Some 115,000 acres of wilderness will be protected in California's southern Sierras under new bipartisan legislation introduced in both the House and Senate in July. The centerpiece is a 69,500-acre wild treasure most fittingly to be named the John Krebs Wilderness, honoring the former Congressman and conservationist whose courageous leadership was crucial in winning protection for this once gravely threatened place.
Local conservationists have long sought full Wilderness Act protection for the wild portions of Mineral King, a valley set deep in the Sierras and literally surrounded, save for a narrow access road corridor, by Sequoia National Park. It offers a steep, rugged landscape ranging from low elevation blue oak woodland to montane red fir forests above 7,500 feet.
"Mineral King" may not be a name widely remembered today, but four decades ago this secluded valley was the setting for one of the defining conservation confrontations of the period that spawned the first Earth Day. When the Walt Disney Company unveiled plans to build a huge destination ski resort, with two hotels, 14 ski lifts, and an alpine village, "Save Mineral King" became a major rallying cry for the burgeoning environmental movement. The ensuing controversy reached front pages nationwide, and became the focus of a long-running lawsuit that ultimately reached the Supreme Court.
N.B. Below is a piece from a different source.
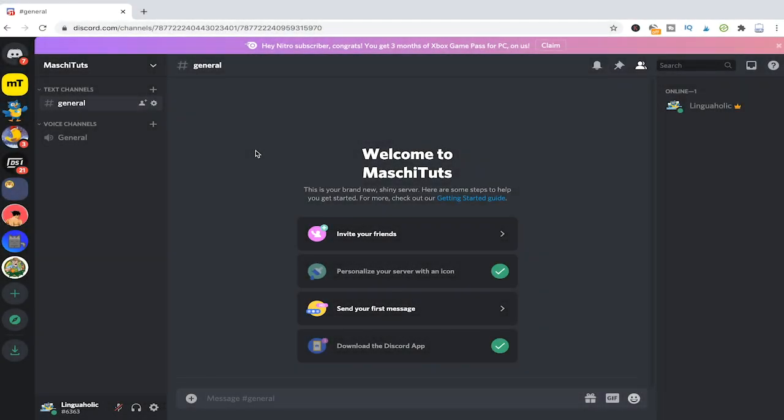Welcome to Majit Toots. In this tutorial you will learn how to make someone a moderator on Discord. Let's dive right into it.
John Krebs, now 80, tangled with the issue of Mineral King first as a Fresno County planning commissioner, then a county supervisor before going on to serve four years in the House of Representatives. It was as a member of Congress that Krebs exerted extraordinary leadership, courageously championing the protection of Mineral King valley, rejecting the Disney ski development in the face of the all-too-typical and exaggerated claims of vast tourism income for the local communities. While it may have cost him his seat in Congress, Krebs, backed by a nationwide outpouring of opposition to the disney-fi-cation of the valley, was successful in getting Mineral King added to Sequoia-Kings Canyon National Park in 1978.
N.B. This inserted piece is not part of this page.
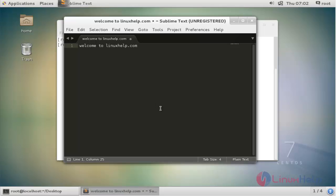This is the method to install Sublime Text editor on CentOS 7. Thank you for watching.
The new legislation is championed by Senator Barbara Boxer (D-CA) in the Senate and the bipartisan team of local Representatives Jim Costa (D-CA) and Devin Nunes (R-CA) in the House of Representatives. It will extend the strongest possible protection to the wild portions of the Mineral King valley, as well as a 43,450-acre area in the North Fork/Redwood Canyon, and one smaller area-all of which are within the national park. As the Bee newspaper chain's Washington, D.C. reporter wrote, "because it is already park service property, the valley would not be managed much differently once designated a wilderness. But extensive negotiations have sought to protect the interests of area cabin owners, backcountry packers and power companies."
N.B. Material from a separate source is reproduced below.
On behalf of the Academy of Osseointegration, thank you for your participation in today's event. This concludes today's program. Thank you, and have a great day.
Prompt enactment of the Bower-Costa-Nunes legislation will extend an extra layer of protection, identical to that which already covers most of the undeveloped lands within Sequoia-Kings Canyon National Park. As one of the architects of the historic 1964 Wilderness Act explained, wilderness areas are designated by Act of Congress within national park lands "because we in the Congress recognized the pressures that would face the national parks, and provided in the Wilderness Act the statutory basis for strengthening the protective hand of the National Park Service" [Sen. Frank Church, 1972].